*EXERCISE*
Pictures aside, write out every record exactly as it appears.

*Dataset records*
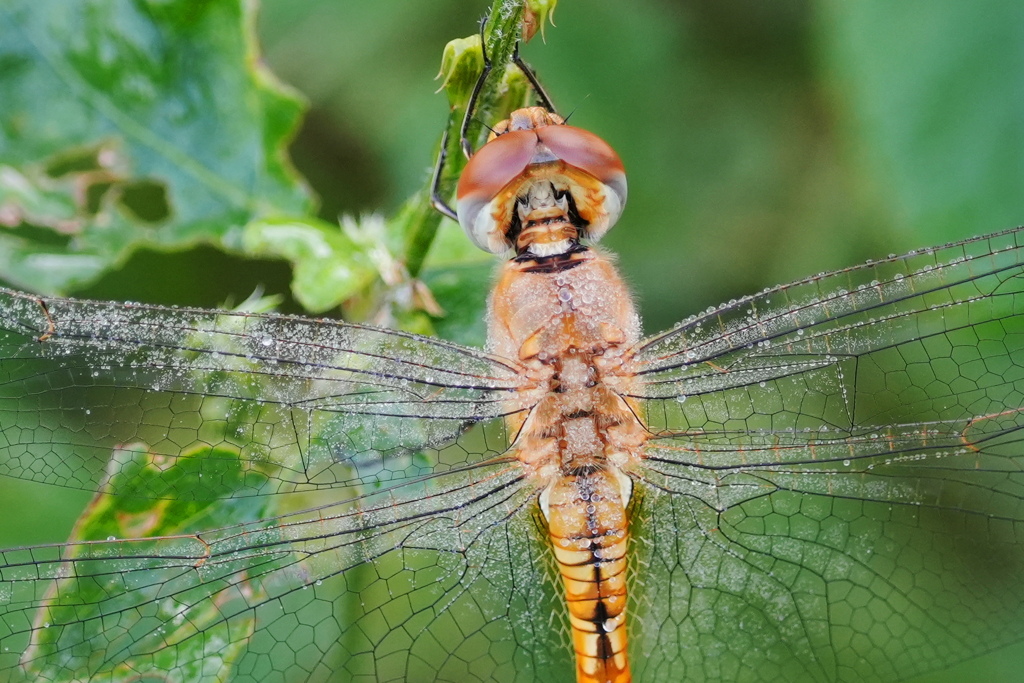 朝まだ眠る赤トンボ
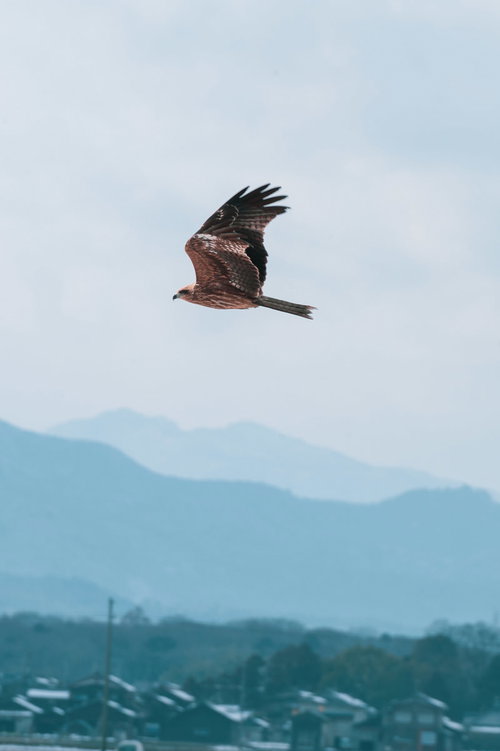 青空を翼を広げて飛翔する鷹の野鳥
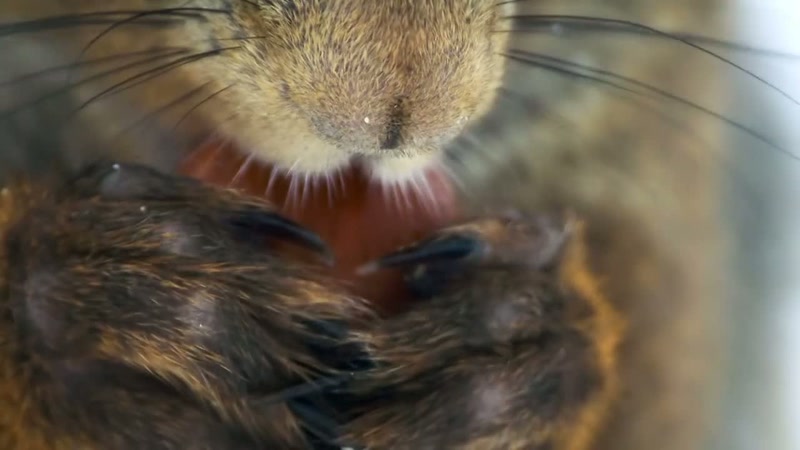 In late winter, most squirrels' stashes are empty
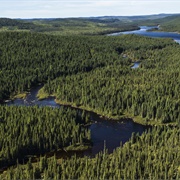 Boreal Forest of Canada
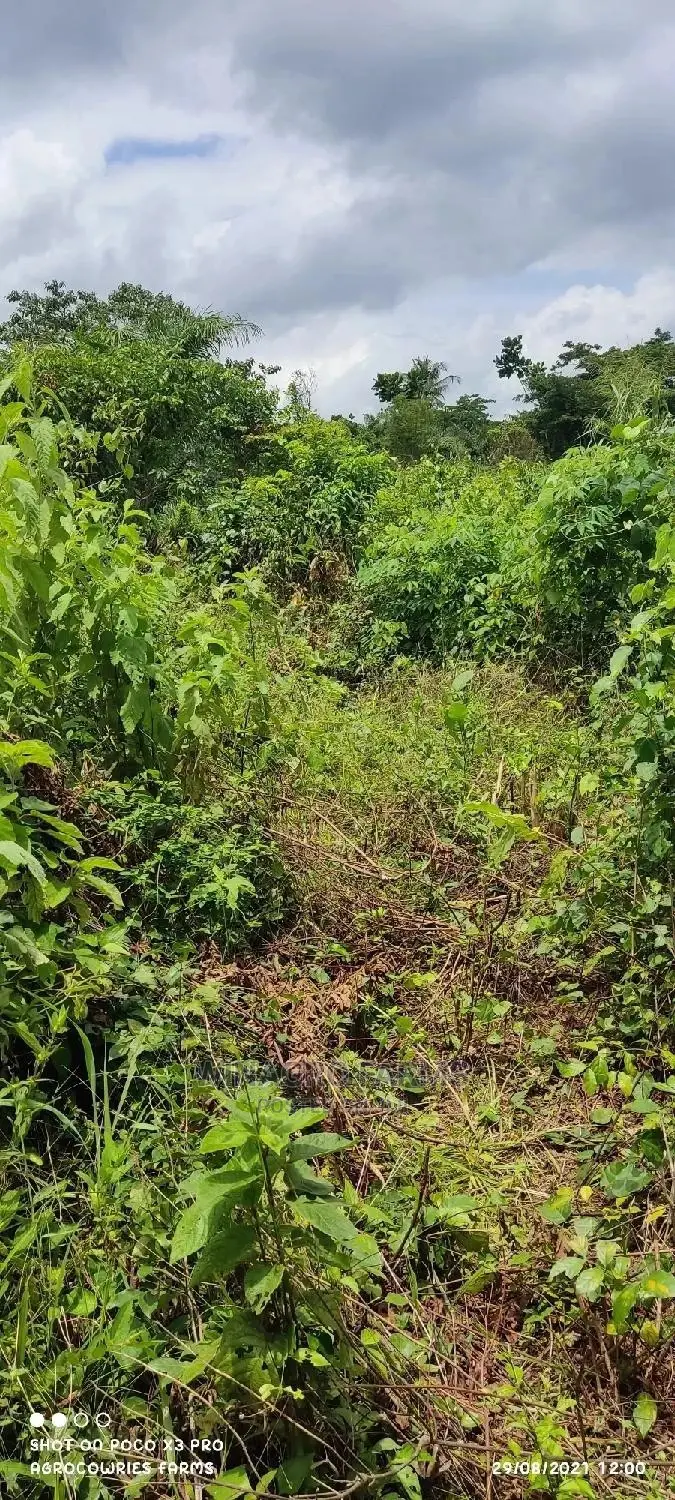 Cheap Farm Land for Sale in Abeokuta South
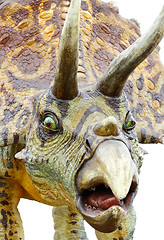 Image showing Triceratops portrait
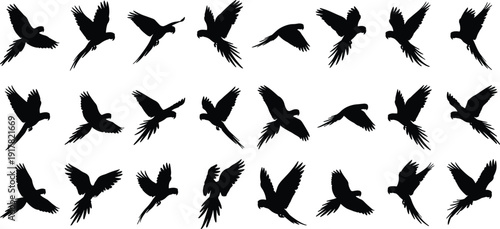 Black Silhouette Set of Macaw Parrots Flying in Various Poses for Tropical Nature Wildlife Protection Exotic Bird Education and Jungle Vector Illustration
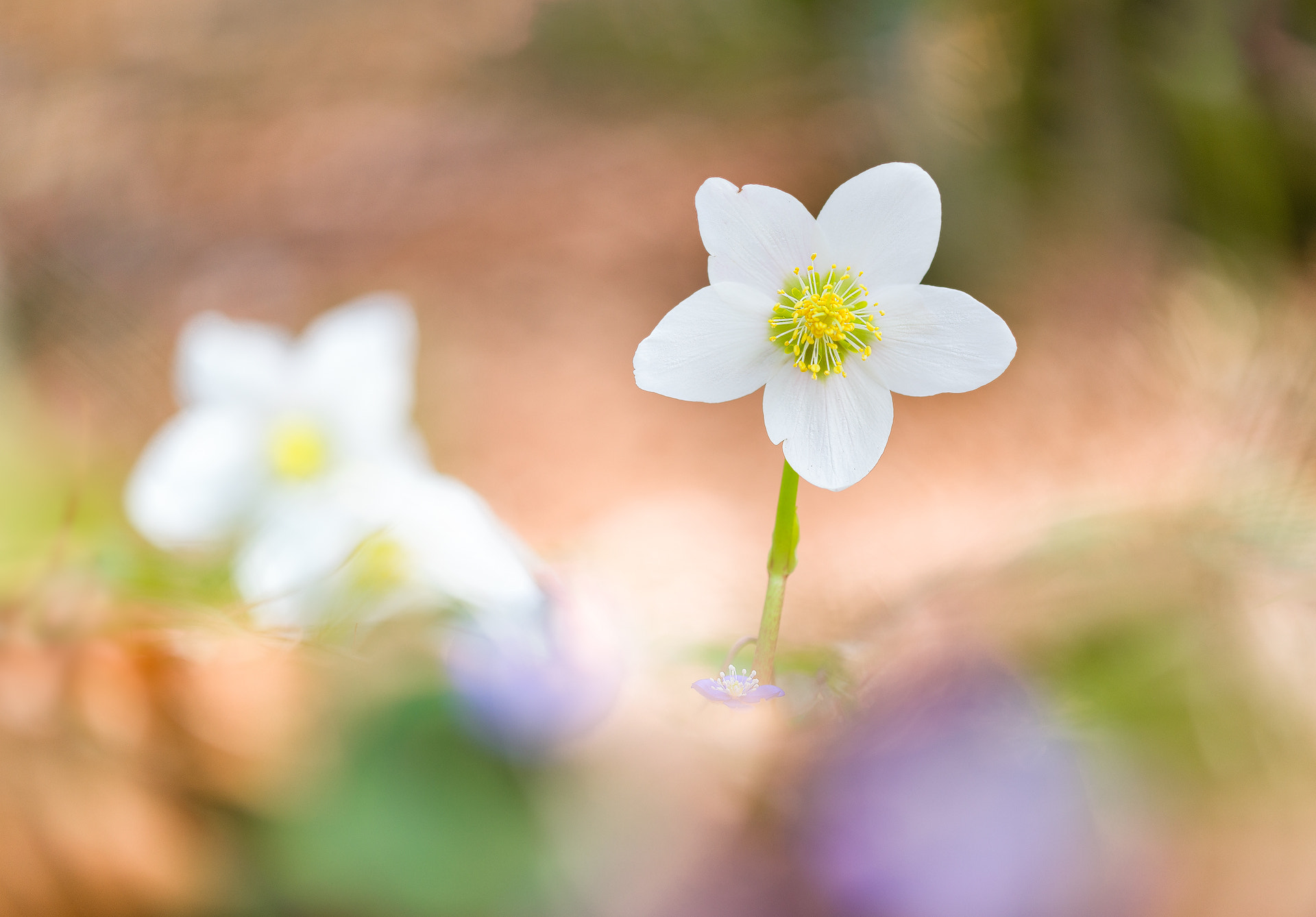 Sigma 105mm F2.8 EX DG OS HSM sample photo. Schneerose photography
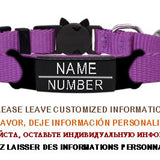 Personalized ID Tag Cat Collar Bell Engraving Safety Breakaway Small Dog Nylon Adjustable for Puppy Kittens Necklace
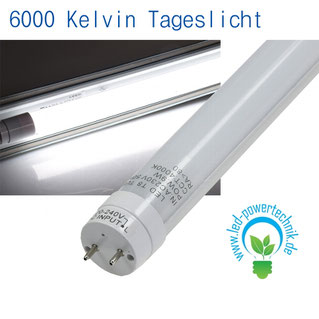 150cm T8 LED Röhre 24W 2250Lm Leuchtstoffröhre G13 kalt weiß (6000K) mit  Starter, T8 - G13 LED Röhren, LED Leuchtmittel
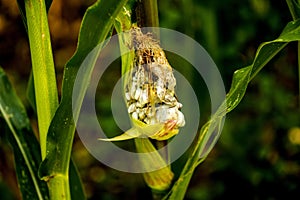 Corn smut, corn disease in Germany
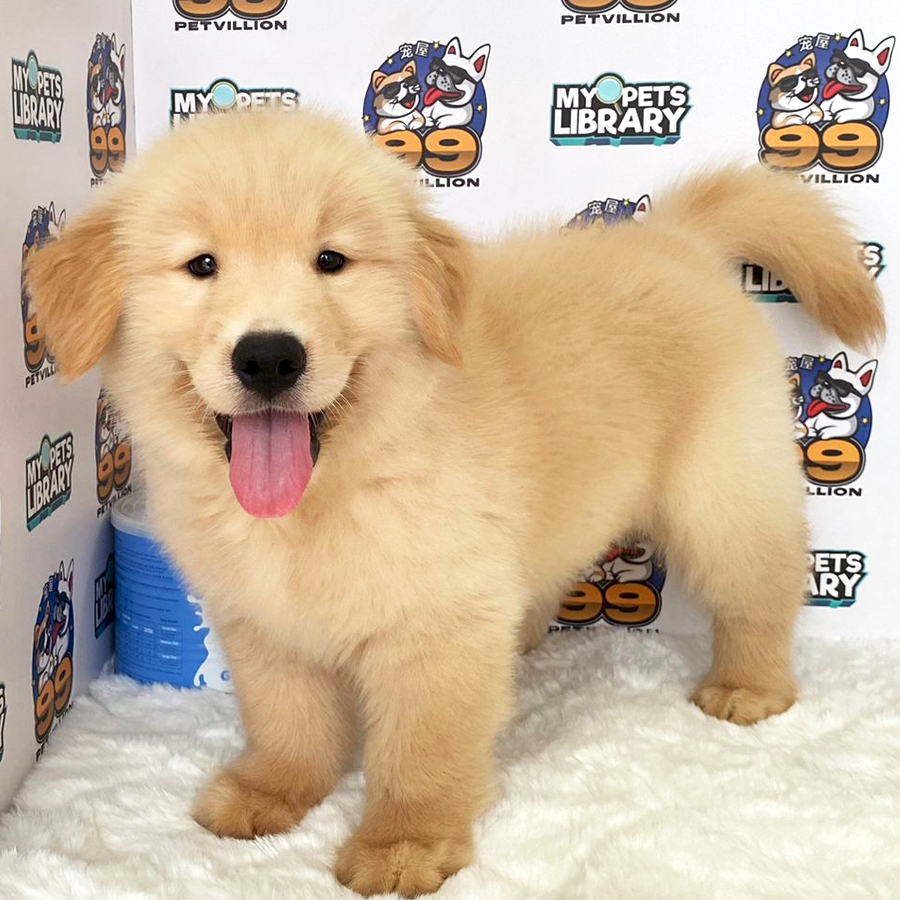 Golden Retriever Puppy (Male) For Sale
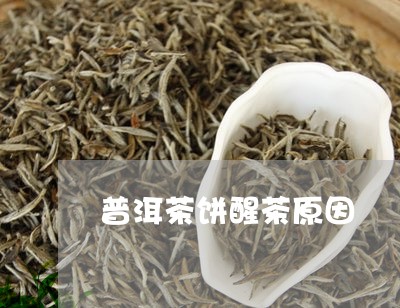 普洱茶饼醒茶原因/2023031642724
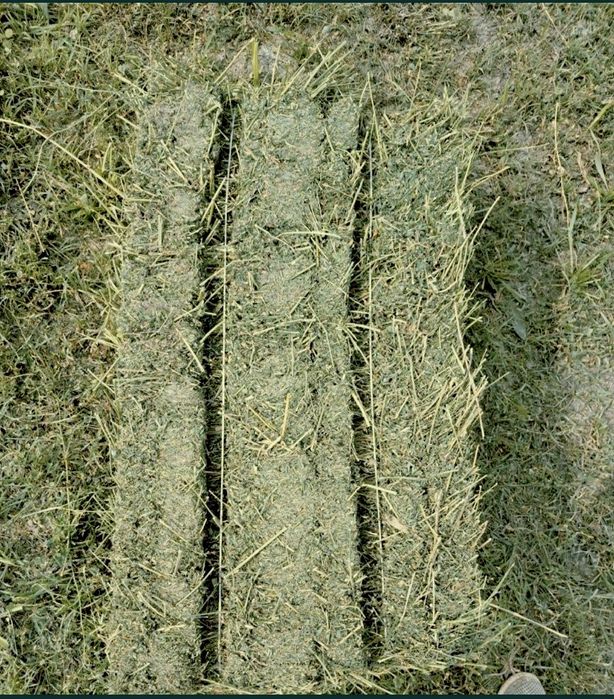 Zõr Beda Press Sotiladi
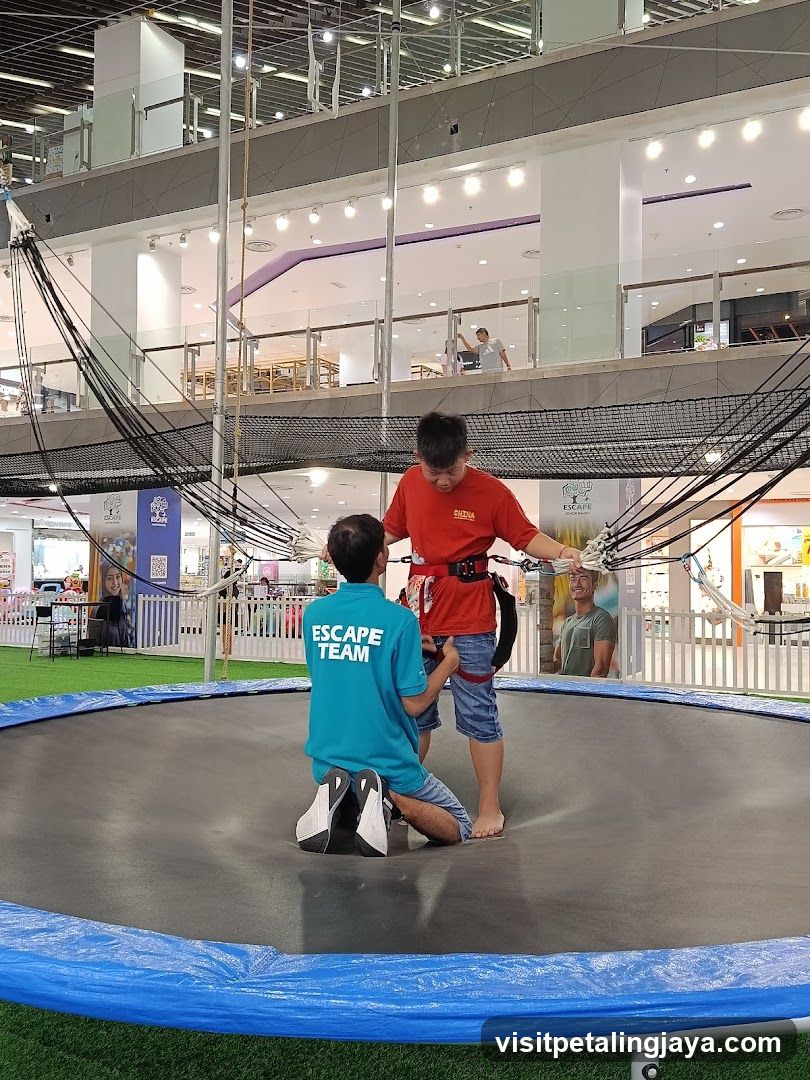 Trampoline Activity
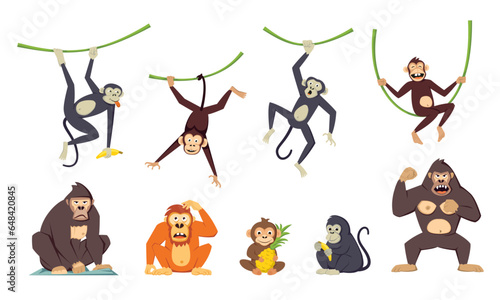 gorilla monkey set. cartoon funny tropical neanderthal exotic primates, funny apes in jungle, brutal chimpanzee charcters. vector cartoon animals set. photo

*SOLUTION TO THE EXERCISE*
 朝まだ眠る赤トンボ
 青空を翼を広げて飛翔する鷹の野鳥
 In late winter, most squirrels' stashes are empty
 Boreal Forest of Canada
 Cheap Farm Land for Sale in Abeokuta South
 Image showing Triceratops portrait
 Black Silhouette Set of Macaw Parrots Flying in Various Poses for Tropical Nature Wildlife Protection Exotic Bird Education and Jungle Vector Illustration
 Sigma 105mm F2.8 EX DG OS HSM sample photo. Schneerose photography
 Personalized ID Tag Cat Collar Bell Engraving Safety Breakaway Small Dog Nylon Adjustable for Puppy Kittens Necklace
 150cm T8 LED Röhre 24W 2250Lm Leuchtstoffröhre G13 kalt weiß (6000K) mit  Starter, T8 - G13 LED Röhren, LED Leuchtmittel
 Corn smut, corn disease in Germany
 Golden Retriever Puppy (Male) For Sale
 普洱茶饼醒茶原因/2023031642724
 Zõr Beda Press Sotiladi
 Trampoline Activity
 gorilla monkey set. cartoon funny tropical neanderthal exotic primates, funny apes in jungle, brutal chimpanzee charcters. vector cartoon animals set. photo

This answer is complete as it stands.